The Cherokee National Forest spans 10 counties along the border with multiple states with various levels of fire danger and restrictions, federal officials said. For now, federal officials are restricting the use of a fire outside of a developed recreation area.
State-issued burn bans are in place in Franklin, Grundy, Sequatchie, Rhea, McMinn and Polk counties, and burn permits are restricted across East Tennessee, according to the Tennessee Division of Forestry. Hamilton County officials have warned residents not to burn anything outside.
Tennessee's wildfire map Monday showed an active, 125-acre wildfire in Marion County on Whitwell Mountain. The blaze was about 15% contained Monday, authorities said.
"It's going into tomorrow," Joel Blackburn, assistant district forester, said by phone Monday as he arrived at an ongoing wildfire. "In Whitwell, it's likely to worsen it. We have multiple dozers coming down. We're going to try to get ahead of it, but with the wind tomorrow, it will dry out pretty quickly."
Plentiful rain will help but won't last, Blackburn said.
Firefighters were in a back-and-forth battle Monday.
"They've got the right flank in pretty good shape," Marion County EMA Director Steve Lamb said of the wildfire's status by phone from Whitwell Mountain. "The state's dropped water from helicopters, and that seems to be helping some. But the left flank broke through."

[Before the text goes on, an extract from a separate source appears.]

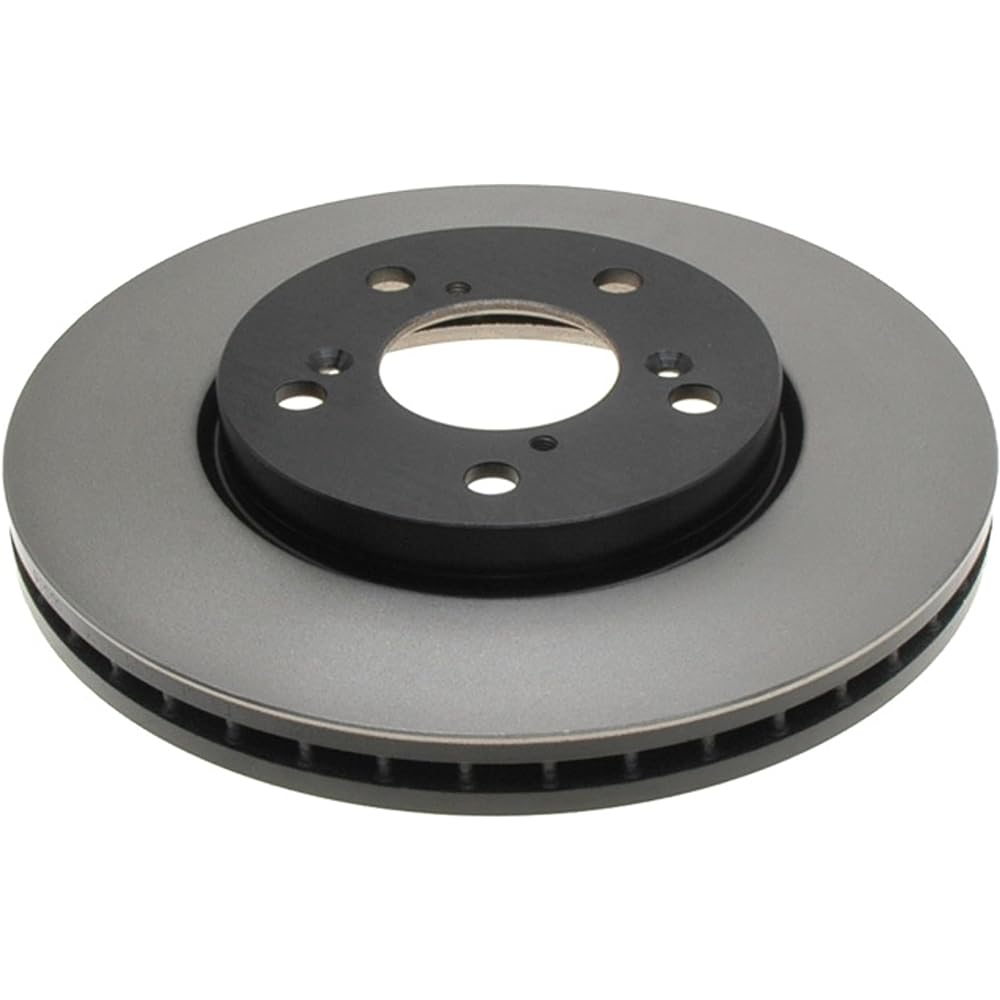 ACDELCO GOLD 18A1761 Black Hat Front Disc Brake Rotor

Local and state firefighters were being assisted by firefighters from neighboring agencies, Lamb said. Guests at a small resort near the wildfire were evacuated Sunday, he said, but no permanent residents have been evacuated.

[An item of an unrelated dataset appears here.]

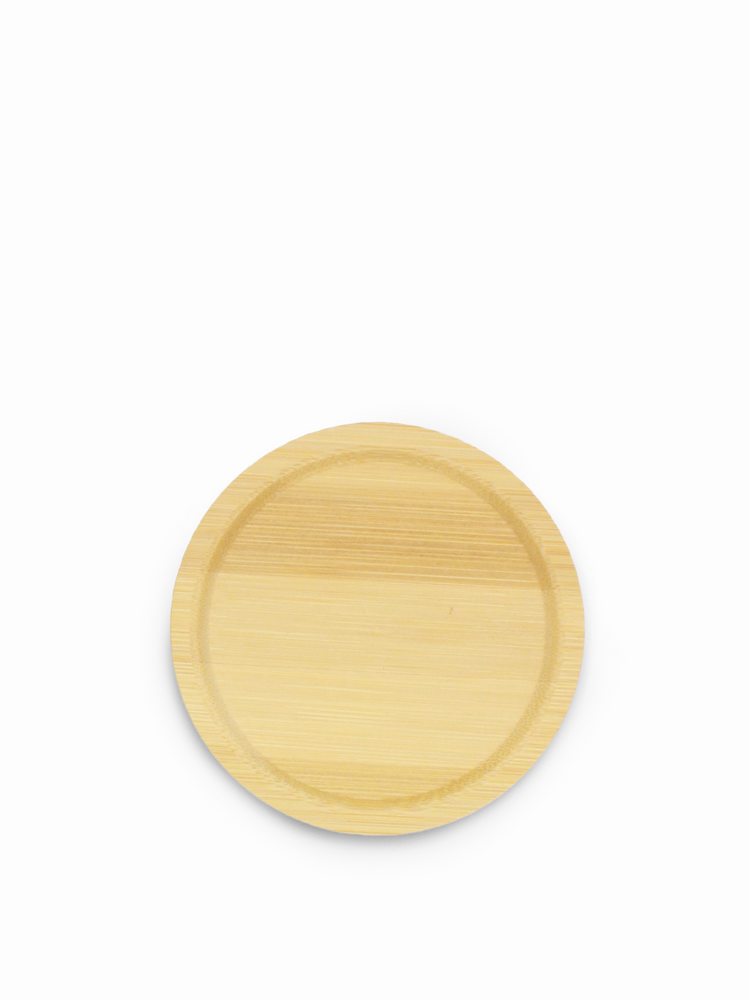 Bamboo Mason Jar Lids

Tennessee usually experiences a couple of "mountain wave" wind events every year, but this one teamed with exceptional drought conditions is particularly dangerous, Blackburn said.

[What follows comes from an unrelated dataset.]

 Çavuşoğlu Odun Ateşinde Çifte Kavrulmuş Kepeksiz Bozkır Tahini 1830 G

"This mountain wave event will be similar to the one we had in Gatlinburg in 2016," Blackburn said of the historic wildfires that swept through the town in the Great Smoky Mountains National Park in November 2016, killing 14 people and destroying thousands of homes and businesses. "It was the same phenomenon."
Mountain waves develop on the downwind side of mountains, according to the National Weather Service. The waves are generated when strong winds flowing toward mountains are raised up over the mountains. As the winds rise, they may be redirected toward the surface, but instead of staying down, the winds continue in an up-and-down, wave-like pattern.
Strong wind will potentially spread wildfires before an expected 0.75 and 1.75 inches of rain fall by around 2 p.m. Tuesday, Local 3 News meteorologist Alison Pryor said in her morning weather blog. The forecast high for Tuesday in the Chattanooga region is 66 as rains taper off, and Wednesday's high will be around 54 with a partly sunny sky heading into a cold Thanksgiving morning in the 30s and an afternoon high of 58 with a mix of sun and clouds.
In Georgia, the wildfire map shows three ongoing, active wildfires in Dade and Walker counties. All are at least 98% contained. Alabama's wildfire map showed no active blazes Monday morning in DeKalb or Jackson counties.
U.S. Forest Service officials said because of the Black Bear fire in North Carolina, portions of the Appalachian Trail remain closed from Interstate 40 to Brown Gap, including the Groundhog Creek Shelter.